The dilemma is that the legal ethics invented by lawyers are hopelessly self-contradictory. Lawyers are not supposed to mislead the court, but they claim a "sacred duty" to do whatever it takes to get the best possible result for the client.
If the client is in the wrong, the best result is to win the case; it he is a criminal, the best result is to get him off. Both results necessarily mislead the court and pervert justice.
The sacred duty sprang fully armed from the hugely fertile brain of Henry Brougham (1778-1868). He also invented The Edinburgh Review (1802), London University (1828), a single-steed, four-wheel conveyance (1829), and Cannes (1834).
In 1820, he informed the House of Lords:
"An advocate, by the sacred duty which he owes his client ... must not regard the alarm, the suffering, the torment, the destruction which he may bring upon any other [e.g. the seven backpackers later deprived of their lives by Milat]. Nay, separating even the duties of a patriot from those of an advocate and casting them, if need be, to the wind, he must go on reckless of the consequences, if his fate it should unhappily be, to involve his country in confusion for his client's protection."
That sounds good, if a little overripe, but Lord Brougham (as he became when he slid his posterior on to the Woolsack in 1830) later admitted it was code for blackmail, which is the crime of theft by extortion.
Brougham was telling George IV, who "looked more like an elephant than a man", that unless he dropped his divorce action against Queen Caroline, Brougham would reveal that he had secretly married a Catholic, Mrs Maria Fitzherbert.

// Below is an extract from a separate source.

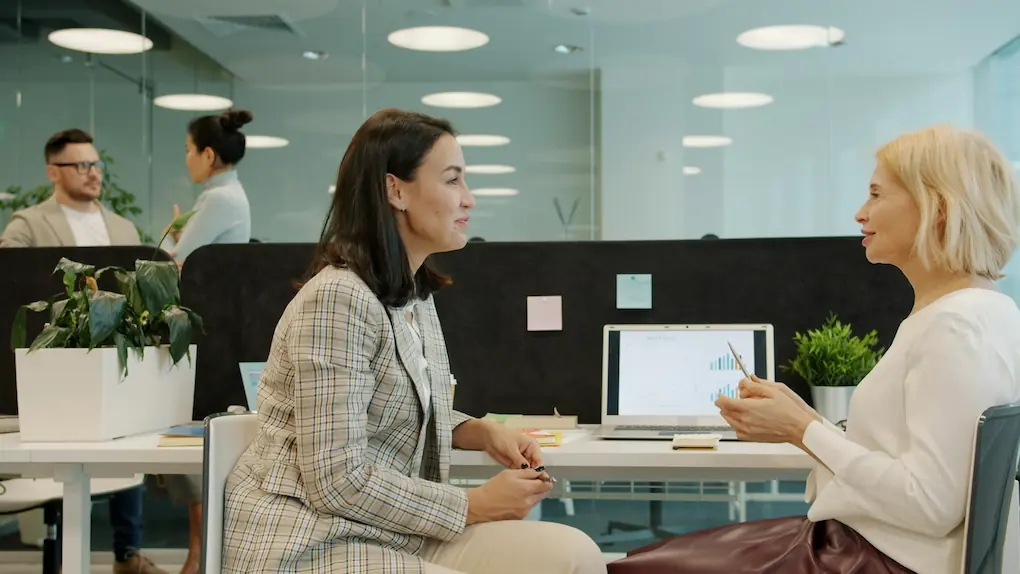 Two women discussing work. what happens after you win a business grant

Mrs Fitzherbert: upset to the Act of Settlement
Since the Act of Settlement (1701) said a king who married a Catholic must be treated "as if he were naturally dead", the disclosure would inevitably rob His Most Sacred Majesty of the crown, the palaces, and the money. That was an offer George could not refuse.
Ethics and morals are said to be synonymous, and journalism's truth-based ethics surprisingly oblige the despised reptiles to hew to a higher moral standard than the herpetoids.
Confirming Brougham's "whatever it takes" concept, UCLA law professor Murray Schwartz wrote in The Professionalism and Accountability of Lawyers (California Law Review, 1978):
"When acting as an advocate for a client, a lawyer ... is neither legally, professionally, nor morally accountable for the means used or the ends achieved ..."
Stuart Littlemore could thus be properly severe on reporters' ethics, or lack of them, in the nine years (1989-98) he wrote and presented Media Watch, and ethically proper in asserting to Channel 7 viewers in 1995:
"... you really feel you've done something when you get the guilty off. Anyone can get an innocent person off; I mean, they shouldn't be on trial. But the guilty - that's the challenge."
There is, of course, much more to be said on both sides of this debate, but for the moment is seems that ethics may after all be the home of the succulent Colchester oyster.